From the perspective of a drift photographer, shooting rally for the first time is, in one word – amazing.
The logistics of photographing rally versus drift is very different and difficult, and for a first-timer that’s what makes it exciting and thrilling.
At the 2019 New England Forest Rally, held last month in the back roads of Western Maine and Northern New Hampshire, the competing cars were mostly Subarus, but not your typical vape-filled Imprezas. Oh no, there was everything from rally-spec Outback wagons all the way up to full WRC-spec machinery.

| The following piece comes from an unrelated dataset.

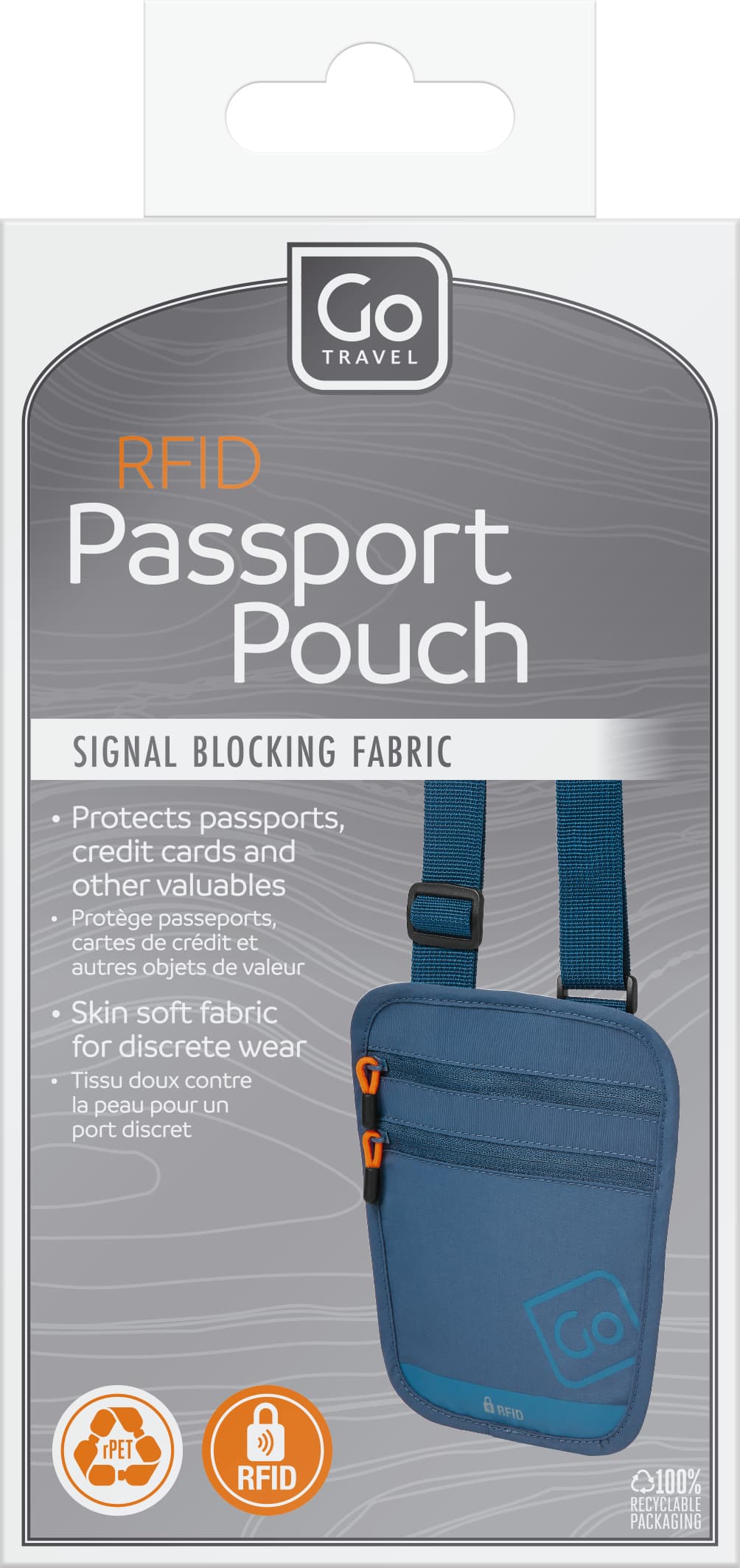 RFID Passport Pouch (Blue) packaging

Being told not to photograph the engine bay in the #1 Subaru Rally Team USA entry of David Higgins, just made me more curious. Wanting to know what kind of secret sauce they were hiding I did ask for a peek, and I can confirm it was a Subaru engine – just with a crazy amount of attention to detail.
It’s easy to understand why they are usually on the podium.

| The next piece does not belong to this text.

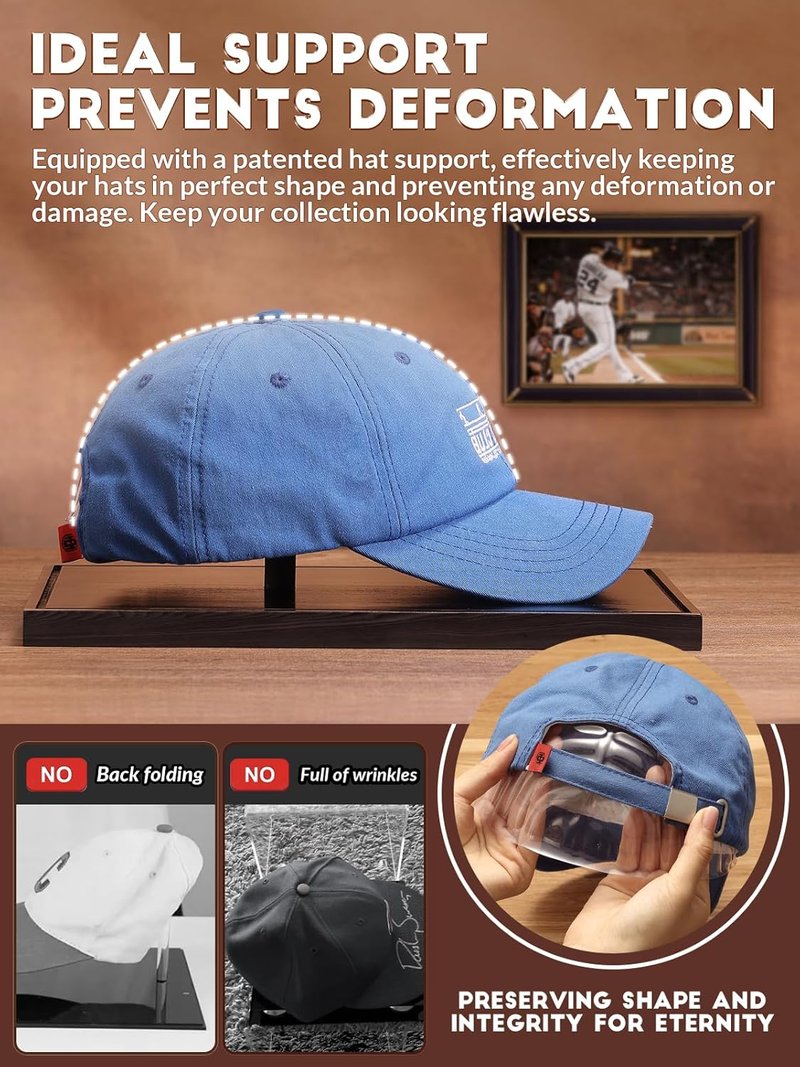 Acrylic Baseball Cap Display Case - Clear UV Protection Showcase with Solid Wood Base & Hat Shaper | Ideal Gift for Collectors, Black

Speaking of attention to detail, my favorite car of NEFR was the JRD Rallysport Mk2 Ford Escort. Powered by a Mustang V6 and driven by an Irish duo, this thing is amazing.

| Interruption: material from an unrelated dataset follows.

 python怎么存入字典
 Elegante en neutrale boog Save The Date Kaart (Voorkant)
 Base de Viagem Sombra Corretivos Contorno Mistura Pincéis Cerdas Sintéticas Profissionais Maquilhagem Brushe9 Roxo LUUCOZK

I was surprised to see some cars competing that wouldn’t look out of place at your local drift event, including a very clean 240SX. Although the Nissan started looking like it had just rolled out of a Cars & Coffee morning in full rally spec, it ended up a lot worse for wear after it was crashed and rolled on one of the stages. There was an even cleaner AE86 Trueno blasting through the mountains like Takumi on a hot tofu run, but definitely spilling that cup of water.
At most drift events you have designated spots to shoot from, which are gone over in the media meeting with some sort of picture being shown of what not to do. With rally, it’s more like ‘if a car could go here, don’t be there’ and ‘be safe and don’t be stupid’. As long as you don’t pick a spot on the stage that’s on the outside of a turn or downwind of a jump – within reason – you’ve pretty much got free rein of where you can shoot.
You just need to make sure you get into the stage before the ‘0’ car (first sweep) comes through and checks that the road is safe for both drivers and spectators.
The trick to finding a good spot is doing some reconnaissance, or ‘recce’ as rally teams call it when they’re compiling their pace notes. I don’t think there’s any other motorsport where you get to take your road car out on the racetrack to find the best vantage point for photos.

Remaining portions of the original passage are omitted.